MedicalXpress Breaking News-and-Events Dec 23, 2023

Researchers at the University of Texas Medical Branch, Galveston, have provided substantial evidence supporting the potential role of statins in mitigating venous thromboembolism (VTE) risk associated with hormone therapy in postmenopausal women, possibly reshaping the risk-benefit considerations for this population.

In a paper, "Statin Use and the Risk of Venous Thromboembolism in Women Taking Hormone Therapy," published in JAMA Network Open, the researchers used a cohort of 223,949 women (mean age 57.5 years) with 20,359 cases and 203,590 matched controls to conduct a nested case-control design analyzing data from a commercially insured claims database in the United States.
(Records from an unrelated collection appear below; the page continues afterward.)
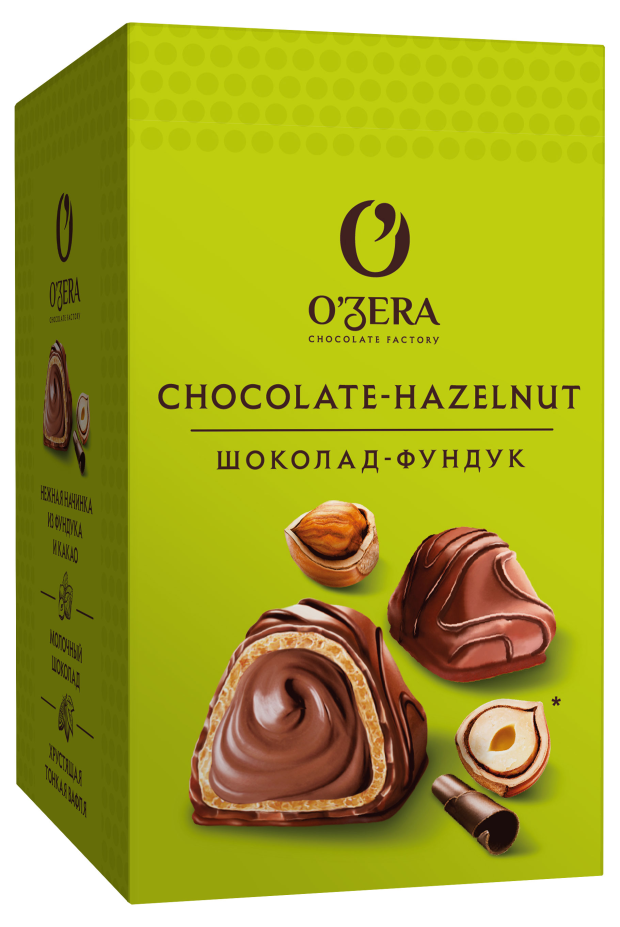 

Набор конфет O'Zera с ореховой начинкой в молочном шоколаде 150 г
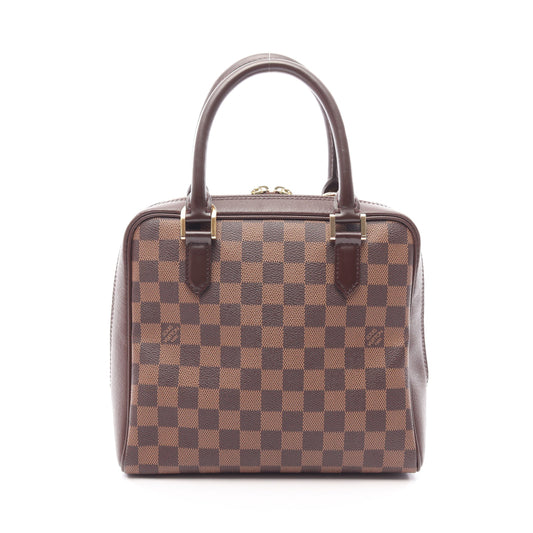 ブレラ ダミエエベヌ ハンドバッグ PVC レザー ブラウン ルイヴィトン バッグ LOUIS VUITTON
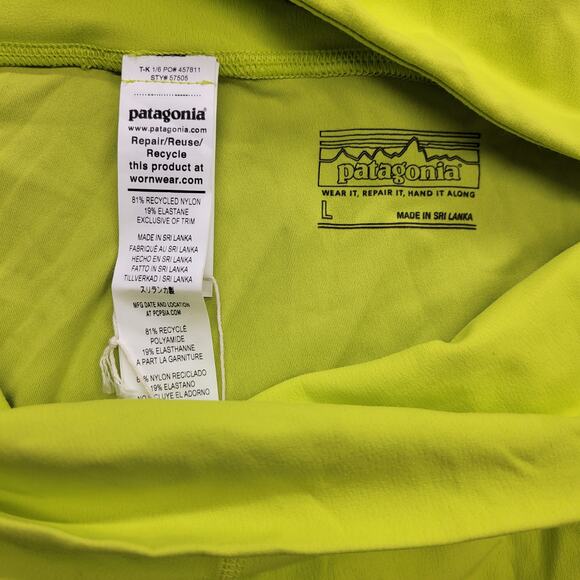 Patagonia Women’s Maipo Shorts 8” Phosphorus Green Large Activewear Running - Picture 7 of 9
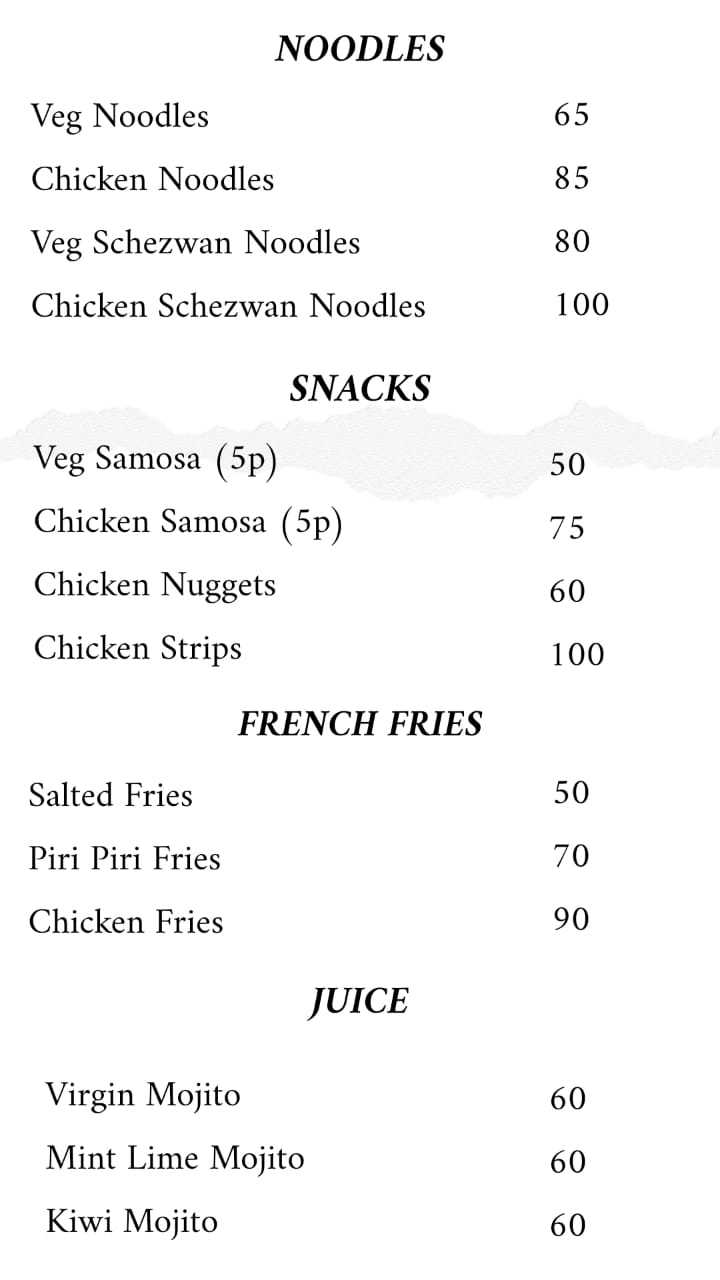 Menu of Spicy House, Marnamikatte, Mangalore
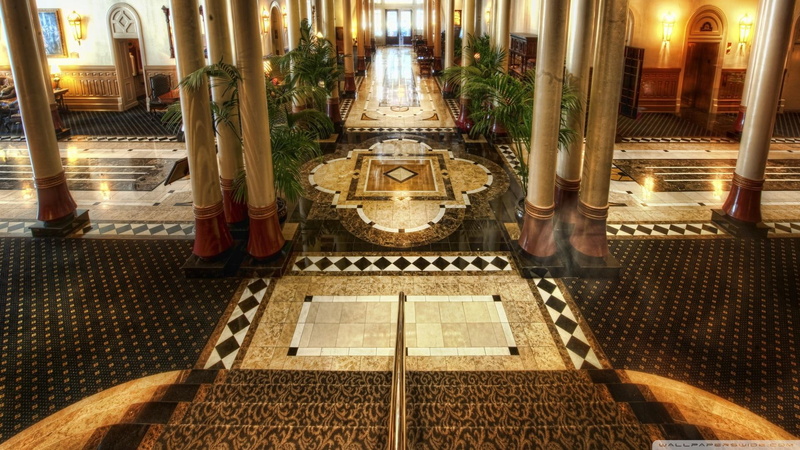 nature and landscapes, texas, hotel, driskill, marble, austin, lights, stairs, 1080P, lobby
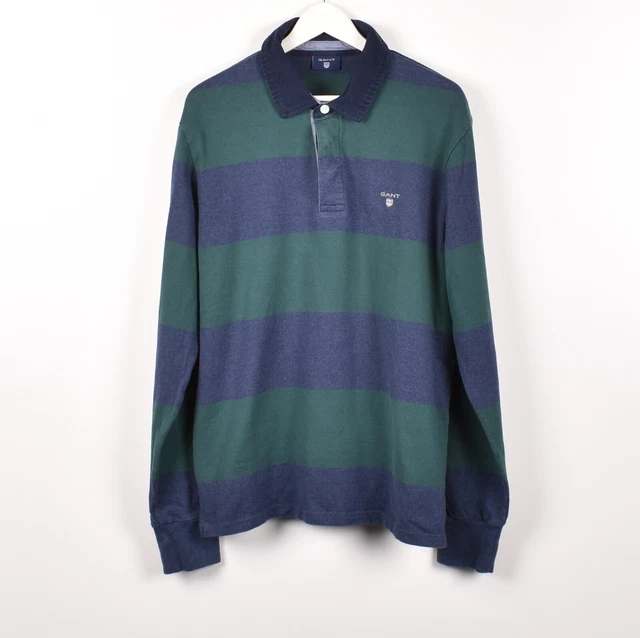 GANT Polo 1/4 Bottoni Uomo Maglione IN Cotone Taglia XL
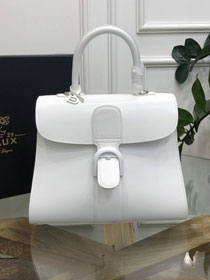 Delvaux original box calfskin brillant bag MM AA0555 white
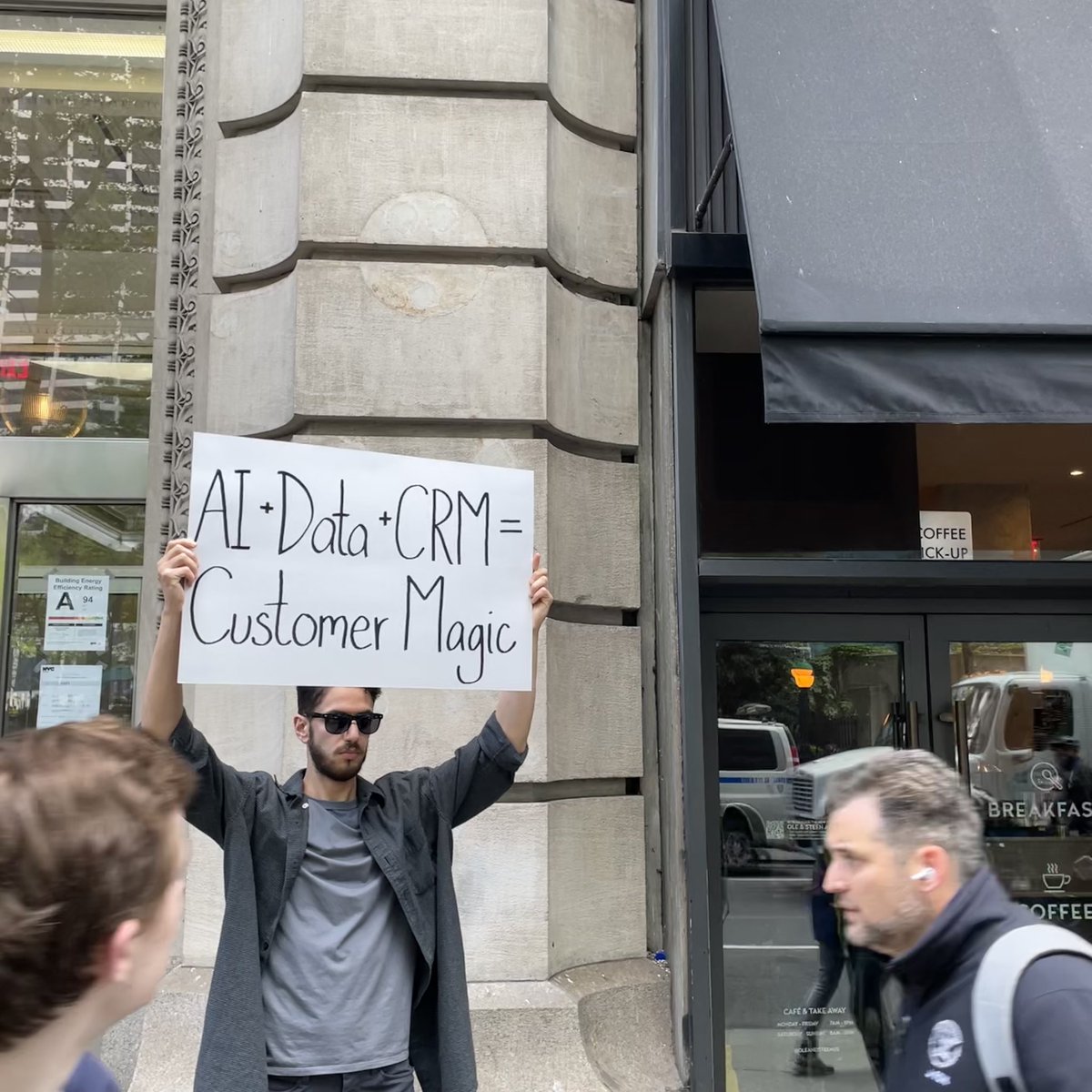 Salesforce tweet media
Statin therapy was associated with reduced VTE risk in women on hormone therapy, highlighting potential benefits for women with perimenopausal symptoms. Hormone therapy exposure without statin therapy increased VTE risk by 53%, but when combined with statins, the risk was reduced by 18% compared to those without hormone therapy or statin exposure.
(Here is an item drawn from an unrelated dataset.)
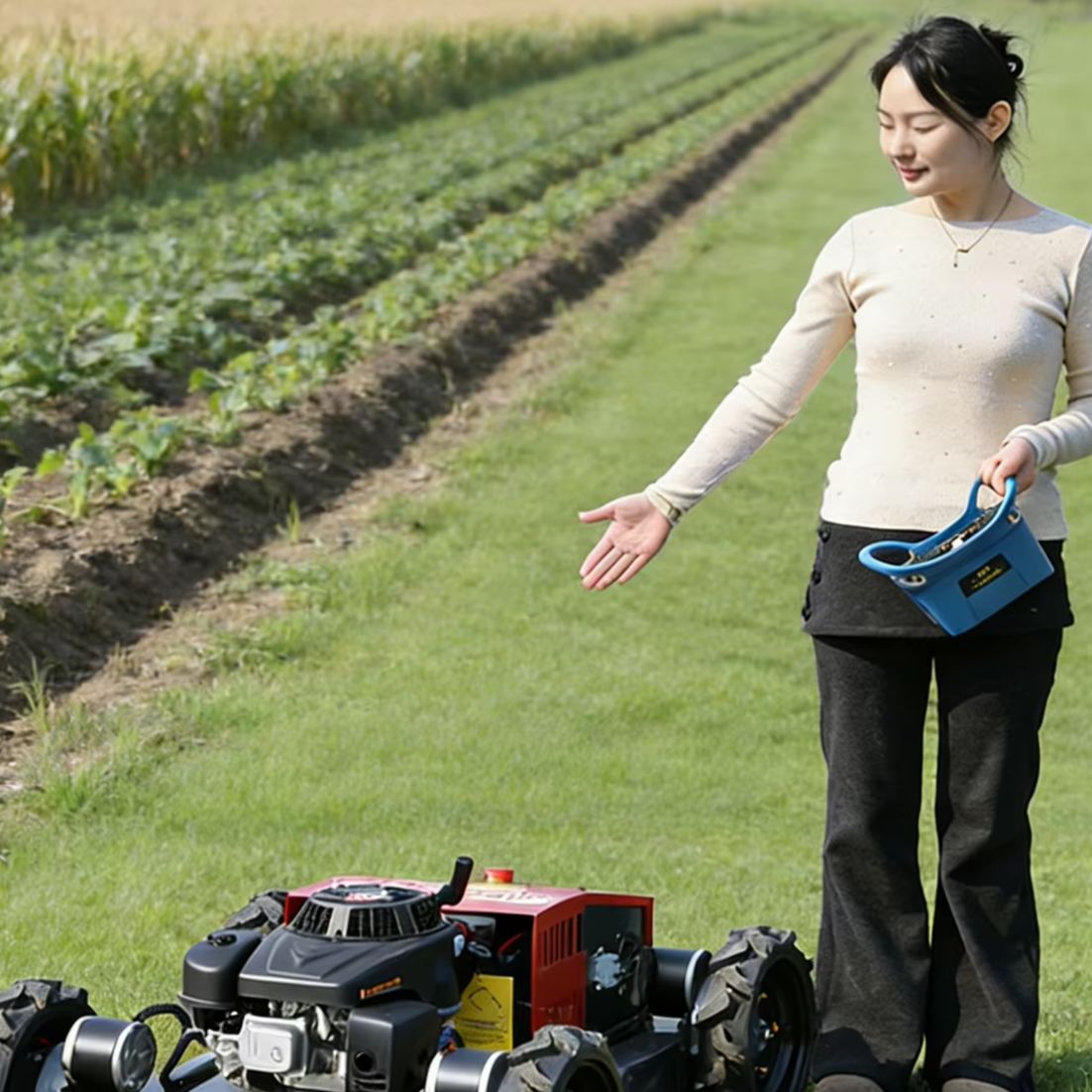 Agriculture Farming Kit - Geoptimaliseerde zware, op afstand bedienbare freesmaaier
Menopause can cause problematic symptoms like hot flashes, sleep disruptions, cognitive changes, vaginal dryness and urine leakage that can significantly impact a woman's quality of life. Hormone therapy is often used to manage these symptoms. However, hormone therapy has a downside, as previous studies indicate an elevated risk of developing blood clots or VTE.

Statin drug therapy has been associated with reducing the risk of major cardiovascular events and VTE. Statin therapy, along with hormone therapy, has looked promising in some previous studies, though with different dosage guidelines than are typical in the US.

The current study aimed to clarify the association between hormone therapy, statin use, and VTE risk, specifically in the US population of women aged 50 to 64. The results show that statin therapy reduced hormone therapy–associated VTE risk, with high-intensity statins showing a more significant risk reduction.

The authors conclude that while statin therapy was associated with reduced risk of VTE associated with exogenous hormones, it did not eliminate the risk, suggesting that more controlled studies are needed.